Several people in my life have influenced or assisted me in becoming who I am today. I wake up every day determined to never give up, and this is the least I can do to honor their contributions to my life. My grandparents and parents shaped my personality, and I try to emulate their values of honesty and generosity. Smt. Rajeshwari Sundar, one of my schoolteachers, was the first to point out that my visionary ideas would be ideal for the field of social sciences. Dr. Madhurima (a professor at my undergraduate university, Central University of Tamil Nadu) was the first person whose words inspired me to begin volunteering and leading for social causes. Dr. Krishna Reddy and Dr. T. Sengadir from the same university gave me the encouragement I needed to launch an initiative to educate the children of construction workers. In 2013, my conversations with Dr. Vinayak Kale assisted me in determining my life’s purpose.
And, in terms of motivation, influence, or assistance, enrolling at Mizzou has been one of the best decisions I’ve ever made. In my first semester, I met Prof. Michael Cook, whose magical teaching style inspired the idea for my doctoral research that I am currently working on. My regular conversations with him after finishing his course helped me learn a lot about the United States, its history, and agricultural cooperatives. Mizzou also introduced me to Dr. Anadil Iftekhar and Prof. Kerry Clark, without whom my involvement on campus would not have progressed as quickly. One of the most important people in a PhD student’s life is their advisor, and I am fortunate to have Prof. Harvey James as mine. Anyone who knows him knows what a nice person he is. When I graduate, I want to be as disciplined as he is and as supportive as he is. He never says no to a new idea, but he also never says yes blindly. He asks all pertinent questions to ensure that one does not end up going in the wrong direction. As a student in one of his courses, I learned how beneficial a healthy classroom environment can be when a professor does not force you to think about your grades. That also reminds me of Dr. Courtney Schultz from CAFNR’s PRST department and Prof.
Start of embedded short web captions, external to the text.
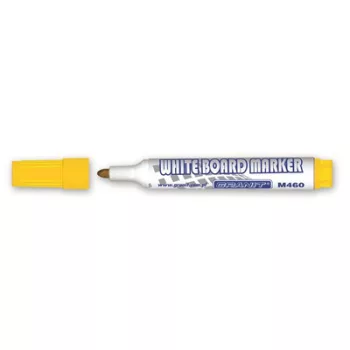   Táblamarker, 2-3 mm, kúpos, GRANIT "M460", sárga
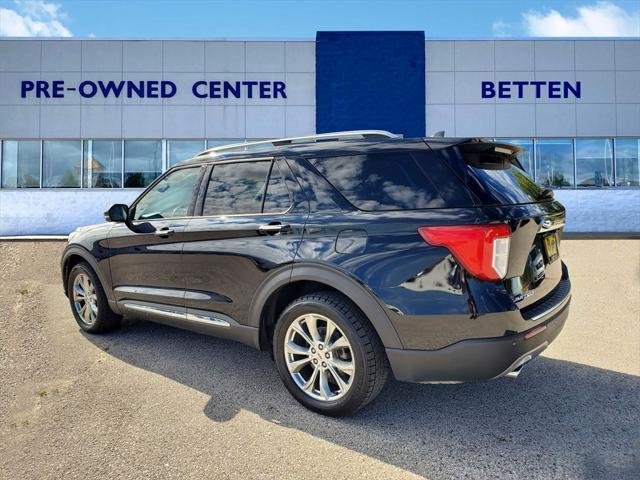 used 2021 Ford Explorer car, priced at $30,307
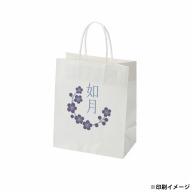 【オリジナル印刷】スムースB22－12　片艶・晒100G ベタ印刷なし2色印刷　1000枚 オプション　なし 1000枚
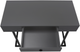 Monarch Specialties Inc. Black/Modern Grey Computer Desk-3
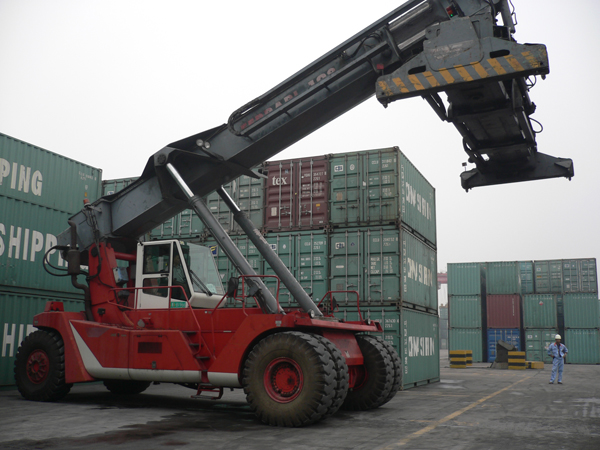 Kalmar 45T Diesel Container Reach-Stacker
Clayton Blodgett from the Geography Department. If I had to rate all of my professors/teachers, they would be among the best. I’ll never forget how relaxed (and clearly informative) their classes were. Dr. Schultz is one of the most patient professors I’ve met, and if and when I become a professor, I’d try to instill the same level of patience in my students.
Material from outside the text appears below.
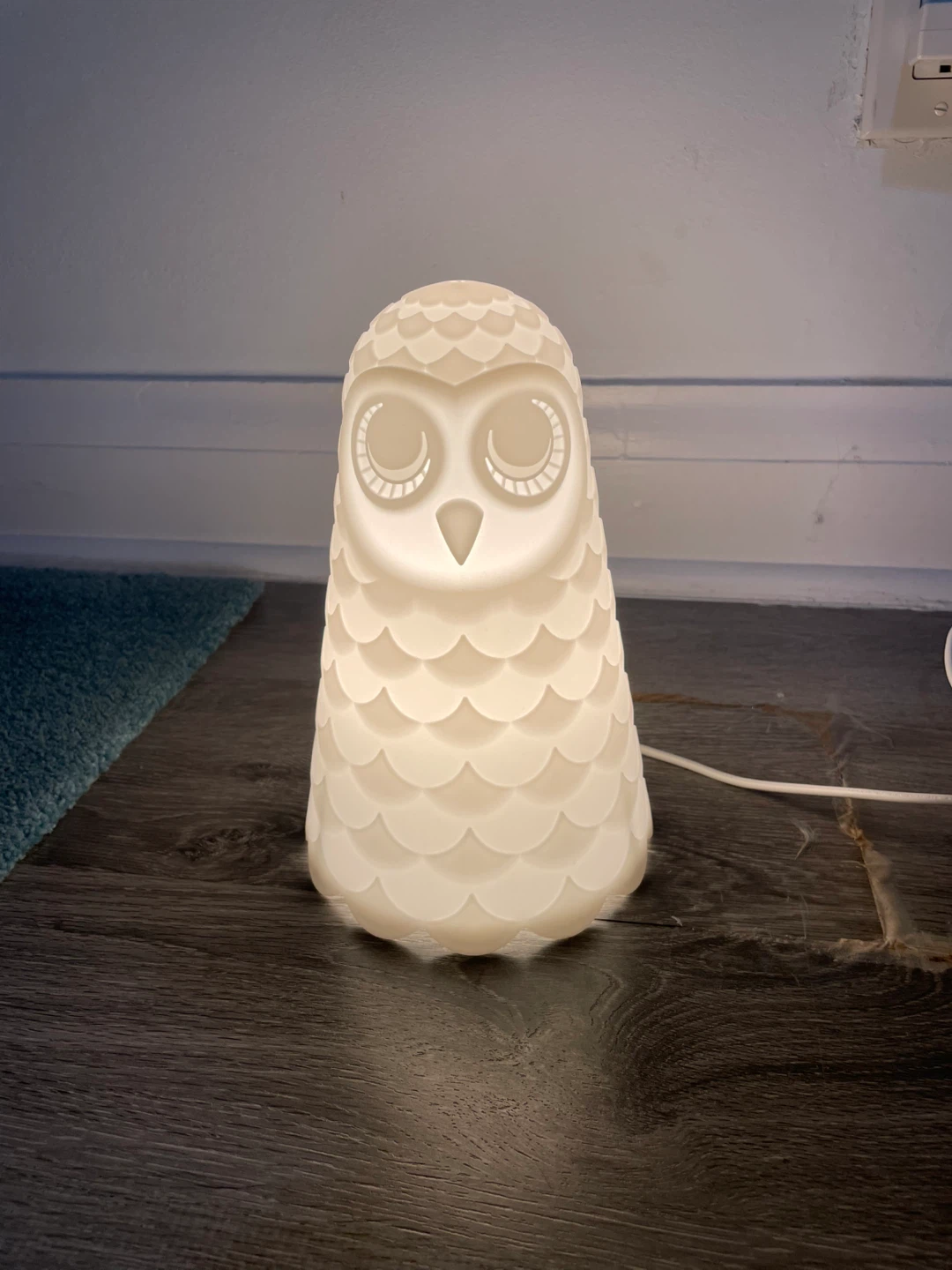 IKEA SOLBO Owl Night Light - photo 2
What does Asian American, Native Hawaiian & Pacific Islander Heritage Month mean to you?
AANHPI month allows us to celebrate diversity, raise awareness, provide a sense of representation, and promote unity. And, as a follower of Vasudhaiva Kutumbakam, I believe it is critical that we talk about everyone, make everyone feel like they belong here, and, most importantly, respect everyone, because everyone deserves it.